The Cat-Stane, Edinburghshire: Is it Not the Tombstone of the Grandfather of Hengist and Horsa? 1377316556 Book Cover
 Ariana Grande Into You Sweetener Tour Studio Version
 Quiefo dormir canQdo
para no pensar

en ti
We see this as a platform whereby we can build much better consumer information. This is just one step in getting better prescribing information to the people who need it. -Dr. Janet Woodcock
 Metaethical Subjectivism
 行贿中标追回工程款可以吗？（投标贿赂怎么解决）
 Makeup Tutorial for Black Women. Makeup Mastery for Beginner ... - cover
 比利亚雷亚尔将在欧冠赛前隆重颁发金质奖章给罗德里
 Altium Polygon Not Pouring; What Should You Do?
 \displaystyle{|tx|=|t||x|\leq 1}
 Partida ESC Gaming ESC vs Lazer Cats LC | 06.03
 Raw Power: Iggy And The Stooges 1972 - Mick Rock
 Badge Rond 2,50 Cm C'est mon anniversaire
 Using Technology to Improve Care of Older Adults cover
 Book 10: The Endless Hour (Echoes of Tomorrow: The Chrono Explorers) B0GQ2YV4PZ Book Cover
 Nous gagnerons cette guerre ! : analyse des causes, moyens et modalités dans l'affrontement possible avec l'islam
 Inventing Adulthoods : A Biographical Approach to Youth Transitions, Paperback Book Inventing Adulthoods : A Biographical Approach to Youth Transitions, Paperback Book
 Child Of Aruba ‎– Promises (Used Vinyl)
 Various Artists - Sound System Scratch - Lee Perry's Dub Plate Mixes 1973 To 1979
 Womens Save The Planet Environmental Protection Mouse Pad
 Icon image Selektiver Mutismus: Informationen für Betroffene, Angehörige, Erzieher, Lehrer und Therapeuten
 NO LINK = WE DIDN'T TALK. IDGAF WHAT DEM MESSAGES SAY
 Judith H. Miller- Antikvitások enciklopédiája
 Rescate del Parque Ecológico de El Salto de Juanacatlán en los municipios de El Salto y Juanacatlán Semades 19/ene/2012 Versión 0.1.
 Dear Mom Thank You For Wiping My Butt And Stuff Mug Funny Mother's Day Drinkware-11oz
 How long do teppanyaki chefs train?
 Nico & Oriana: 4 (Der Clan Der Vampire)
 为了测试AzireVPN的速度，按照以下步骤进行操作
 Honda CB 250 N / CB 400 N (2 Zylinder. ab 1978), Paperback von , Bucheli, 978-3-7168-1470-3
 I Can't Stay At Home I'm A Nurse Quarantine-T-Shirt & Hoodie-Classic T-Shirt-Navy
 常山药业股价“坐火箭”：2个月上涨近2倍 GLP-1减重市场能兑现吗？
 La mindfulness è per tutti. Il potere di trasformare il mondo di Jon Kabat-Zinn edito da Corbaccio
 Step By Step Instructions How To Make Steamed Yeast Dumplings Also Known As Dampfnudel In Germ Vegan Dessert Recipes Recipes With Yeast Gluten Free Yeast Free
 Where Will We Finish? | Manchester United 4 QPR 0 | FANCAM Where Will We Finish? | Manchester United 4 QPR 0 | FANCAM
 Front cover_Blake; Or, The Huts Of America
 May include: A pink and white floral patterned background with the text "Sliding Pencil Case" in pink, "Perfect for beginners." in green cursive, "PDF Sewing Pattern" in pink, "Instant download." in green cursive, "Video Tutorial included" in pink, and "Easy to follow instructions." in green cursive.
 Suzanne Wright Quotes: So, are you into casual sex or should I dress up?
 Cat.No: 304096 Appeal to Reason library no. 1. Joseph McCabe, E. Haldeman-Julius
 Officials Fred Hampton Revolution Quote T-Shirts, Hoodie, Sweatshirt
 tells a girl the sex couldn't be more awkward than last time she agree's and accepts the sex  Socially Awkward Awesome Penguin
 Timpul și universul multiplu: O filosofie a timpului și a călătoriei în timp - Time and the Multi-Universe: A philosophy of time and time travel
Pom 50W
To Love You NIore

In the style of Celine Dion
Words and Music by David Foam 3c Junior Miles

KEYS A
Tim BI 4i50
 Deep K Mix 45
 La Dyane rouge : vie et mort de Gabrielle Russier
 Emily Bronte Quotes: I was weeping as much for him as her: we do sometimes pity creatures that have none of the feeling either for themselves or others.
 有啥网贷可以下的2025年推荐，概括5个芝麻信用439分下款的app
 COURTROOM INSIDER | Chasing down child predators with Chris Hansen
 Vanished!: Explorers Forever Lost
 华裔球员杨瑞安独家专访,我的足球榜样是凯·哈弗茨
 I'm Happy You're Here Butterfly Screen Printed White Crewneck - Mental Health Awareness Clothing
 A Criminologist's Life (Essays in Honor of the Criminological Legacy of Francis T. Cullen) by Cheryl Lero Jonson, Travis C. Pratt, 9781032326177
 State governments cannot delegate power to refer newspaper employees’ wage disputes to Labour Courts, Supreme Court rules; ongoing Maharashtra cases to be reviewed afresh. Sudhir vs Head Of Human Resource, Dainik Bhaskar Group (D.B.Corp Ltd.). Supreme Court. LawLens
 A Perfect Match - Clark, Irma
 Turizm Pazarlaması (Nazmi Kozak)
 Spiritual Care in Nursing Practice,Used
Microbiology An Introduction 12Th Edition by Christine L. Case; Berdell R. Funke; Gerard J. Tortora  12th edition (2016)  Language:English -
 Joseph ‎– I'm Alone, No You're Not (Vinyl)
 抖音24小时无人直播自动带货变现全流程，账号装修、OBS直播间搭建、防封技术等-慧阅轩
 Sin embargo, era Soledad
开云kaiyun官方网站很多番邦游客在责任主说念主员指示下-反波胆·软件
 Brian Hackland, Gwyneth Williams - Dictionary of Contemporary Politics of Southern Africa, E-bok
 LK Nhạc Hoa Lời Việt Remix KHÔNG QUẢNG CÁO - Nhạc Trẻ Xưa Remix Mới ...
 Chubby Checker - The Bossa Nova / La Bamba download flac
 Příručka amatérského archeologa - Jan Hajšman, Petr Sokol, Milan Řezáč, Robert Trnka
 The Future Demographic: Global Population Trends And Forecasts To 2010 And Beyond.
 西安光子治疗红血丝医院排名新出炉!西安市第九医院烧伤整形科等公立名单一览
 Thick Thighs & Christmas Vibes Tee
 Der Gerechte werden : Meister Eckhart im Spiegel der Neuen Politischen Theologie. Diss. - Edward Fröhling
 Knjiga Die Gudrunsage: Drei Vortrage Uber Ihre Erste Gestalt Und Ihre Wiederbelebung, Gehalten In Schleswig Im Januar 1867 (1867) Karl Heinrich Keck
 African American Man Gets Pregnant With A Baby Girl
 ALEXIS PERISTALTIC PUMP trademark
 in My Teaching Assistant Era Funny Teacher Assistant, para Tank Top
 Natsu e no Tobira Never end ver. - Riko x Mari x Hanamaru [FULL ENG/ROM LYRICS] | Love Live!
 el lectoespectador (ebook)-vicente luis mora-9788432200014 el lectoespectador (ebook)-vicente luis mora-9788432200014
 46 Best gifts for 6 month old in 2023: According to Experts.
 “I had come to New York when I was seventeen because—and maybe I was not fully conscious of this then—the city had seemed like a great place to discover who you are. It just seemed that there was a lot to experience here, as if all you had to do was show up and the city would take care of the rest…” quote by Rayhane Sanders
──────────
## What to do
The answer must be every line of the entries that includes the word "much".

## Worked solution
We see this as a platform whereby we can build much better consumer information. This is just one step in getting better prescribing information to the people who need it. -Dr. Janet Woodcock
 Emily Bronte Quotes: I was weeping as much for him as her: we do sometimes pity creatures that have none of the feeling either for themselves or others.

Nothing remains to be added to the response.